There’s another fix though, they can roll the safeties over (perhaps with Eisworth starting at FS) and recreate the inverted Tampa 2 structure when they want it by asking their weakside backer to become a sort of DB/LB hybrid and their boundary corner into a CB/S hybrid that can play as a deep 1/2 safety.
They lose some disguise and versatility with all of this though unless McDonald can occasionally split out wide and apply his absurd athleticism/size combination. There’s not much question of whether he could physically, but it’s a lot to learn on top of everything else. It also asks quite a bit of everyone else, so he’d better be worth it as an attacking piece around the box. You’re trading the offense always knowing that he’ll end up around the box and his likely blitz paths for the consolation that at least he’s always around the box.

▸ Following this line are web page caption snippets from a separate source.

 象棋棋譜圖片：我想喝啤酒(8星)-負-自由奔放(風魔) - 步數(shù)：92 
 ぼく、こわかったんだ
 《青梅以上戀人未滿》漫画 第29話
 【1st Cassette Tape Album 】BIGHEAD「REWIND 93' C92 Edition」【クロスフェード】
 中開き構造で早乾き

We’ve seen other teams aim to arrive at this same outcome. Oklahoma was somewhat successful doing this for Erik Striker and wildly unsuccessful doing it for Caleb Kelly excepting the B12 title game of 2018 when they caught Texas with him at Sam like a right hand lead.
Texas has a simpler solution in their defense that’s already an obvious path as a result of their inherent hybridization of the weakside linebacker. Their solution is to move their hybrid guy, Joe Ossai, to that rover ILB spot.

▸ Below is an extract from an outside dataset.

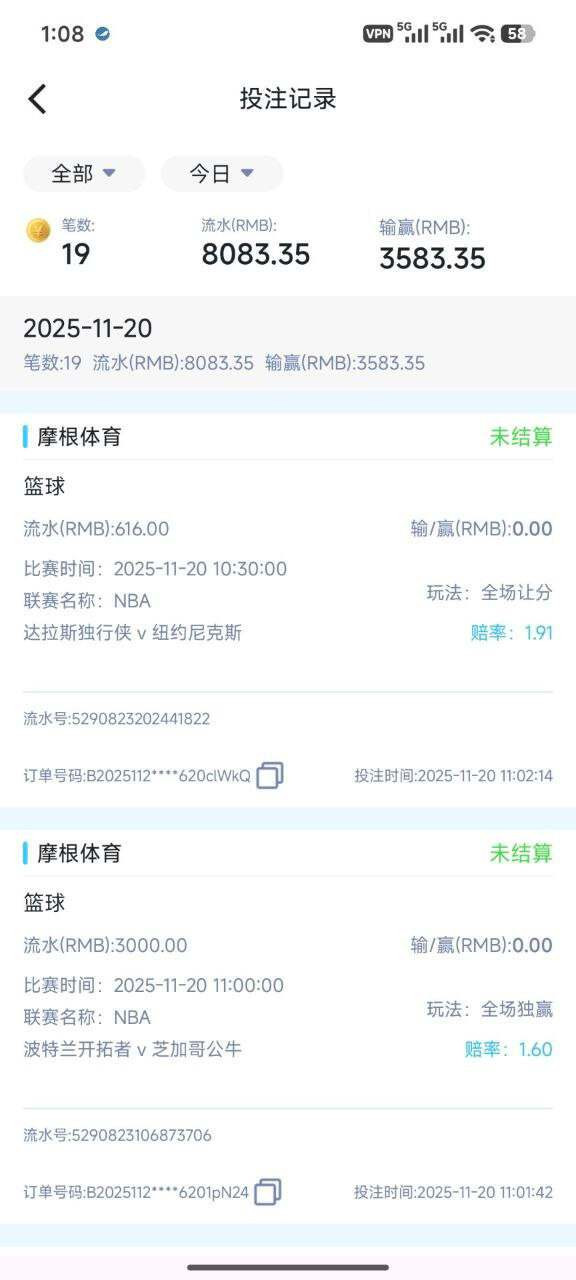 摩根体育野鸡台子，赢了之后无法提现，避雷！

It’s a big ask. Playing the flat in a variety of coverages and matching receivers in space is tough, but it’s another thing entirely to play in the box making snap decisions while 300 pounders with mean intentions are aiming to put you in the ground. The stakes for the defense aren’t even always as high but for that guy individually? The stakes are high.
But with that pass-rusher doubling as an ILB as the Patriots do, it simplifies the roles for everyone else on the field. If Texas and Ossai can pull it off, it’ll allow the Longhorns to flood the field with all of their talented young DBs and free them from having to play on islands in coverage or in the box against the run unless they’re good at it. When Texas wants to bring pressure they can bring him from the edge or inside and it becomes a four-man pressure. Supporting the run is also straightforward for Texas in this set up because their four safeties on the field are:
N: BJ Foster: 6-1, 210
$: Brandon Jones: 5-11, 208
F: Caden Sterns: 6-1, 210.
J: DeMarvion Overshown: 6-3, 210
Those guys can all run and hit, many of them are even exceptional run support players. If you can stop the run playing dime personnel at depth that’s a pretty effective counter to the whole gist of the spread offense.

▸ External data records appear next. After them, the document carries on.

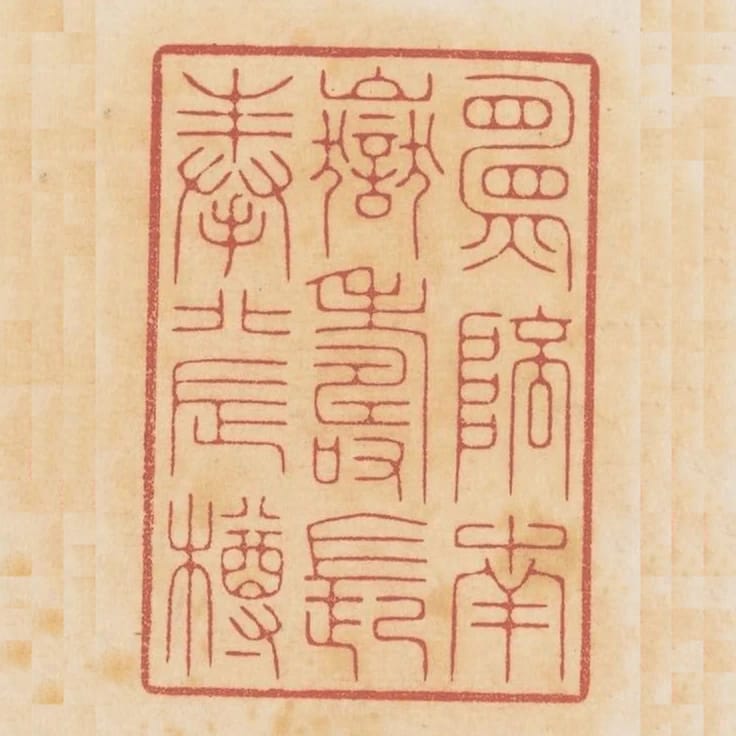 願陪南嶽壽長奉北辰樽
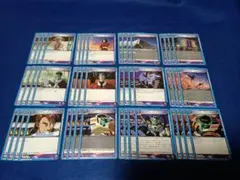 ユニオンアリーナ マクロス 48枚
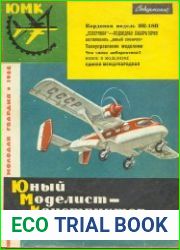 Юный моделист-конструктор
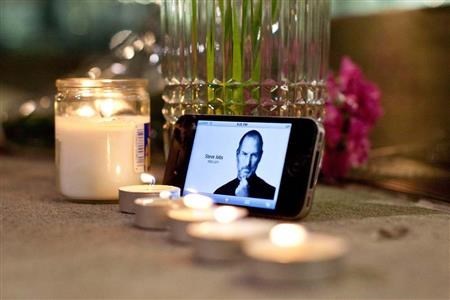 Steve Jobs Memorial (Google Images (sfexaminer.com))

This option exists for the Cyclones as well. They return their starting weakside linebacker, Marcel Spears, but at 6-0/215 with quickness and feel for underneath coverage it’s plausible that he could move over to Harvey’s Sam position. The concern here would be in the potential decline in run defense from the ultra savvy and hard to block Spears to noob-backer McDonald.
The question for Iowa State is whether McDonald will take better and quicker to having a simpler role in a lot of space (Sam linebacker) or a complex role in the box (Will linebacker). And then beyond that question, can he have enough of an impact in the pass-rush that it’s worth sacrificing some versatility and support on the back end? From years of studying Big 12 defensive approaches, I believe answer to the latter question is “no” but if they can figure out how to maintain their inverted Tampa 2 while he’s on the field then that’s a game changer. Imagine trying to score on Iowa State’s bend don’t break defense if they have a pass-rusher on the field that doesn’t allow a QB to work through progressions? Sounds like a nightmare.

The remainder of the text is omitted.